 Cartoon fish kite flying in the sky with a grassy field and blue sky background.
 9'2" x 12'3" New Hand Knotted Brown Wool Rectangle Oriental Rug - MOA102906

...

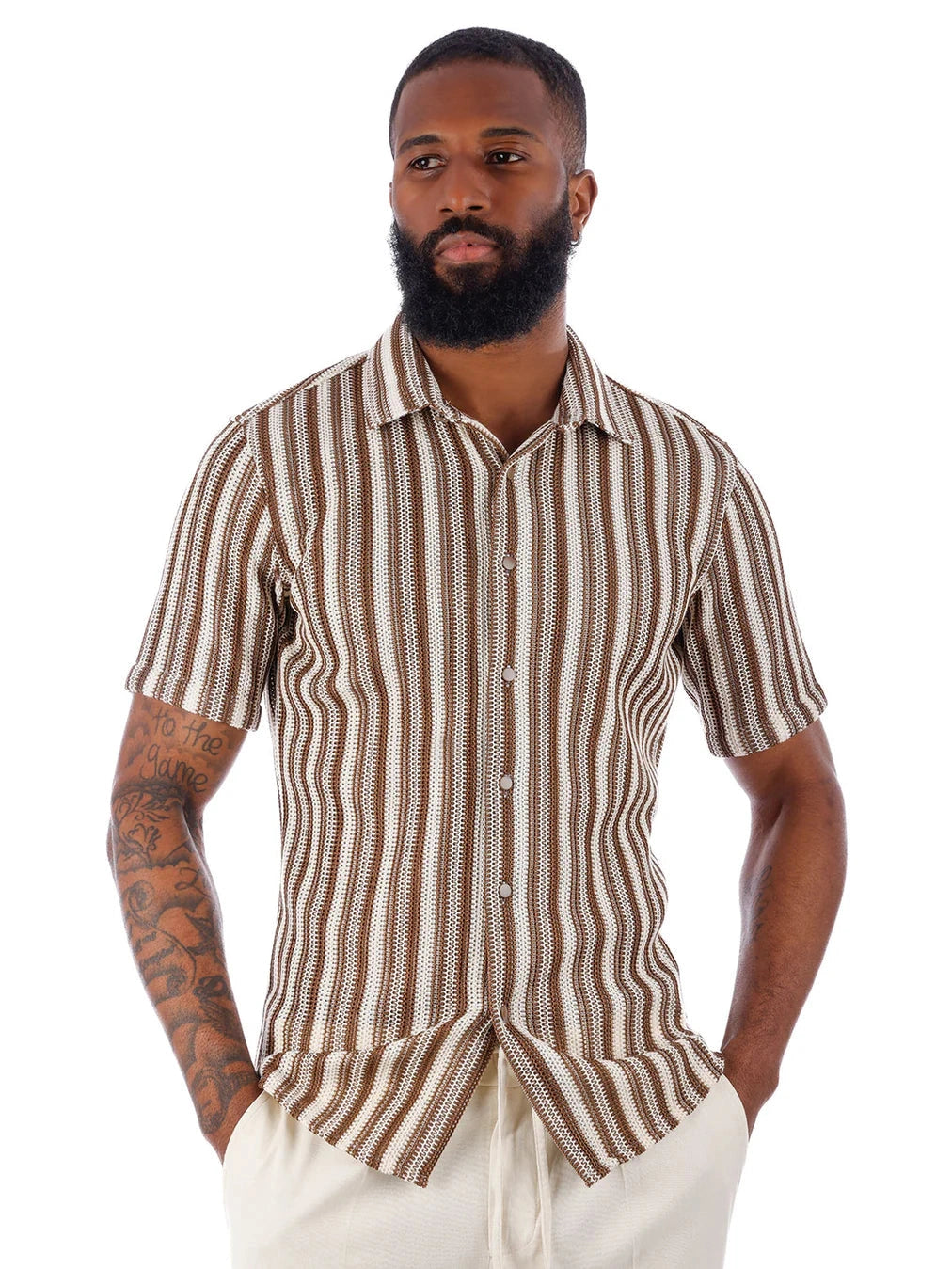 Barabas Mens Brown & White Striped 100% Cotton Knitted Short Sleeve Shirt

## BRIEF
Retype exactly the lines above, from the one with "Cartoon fish kite" through the one with "Rug - MOA102906", inclusive.

## SOLUTION
 Cartoon fish kite flying in the sky with a grassy field and blue sky background.
 9'2" x 12'3" New Hand Knotted Brown Wool Rectangle Oriental Rug - MOA102906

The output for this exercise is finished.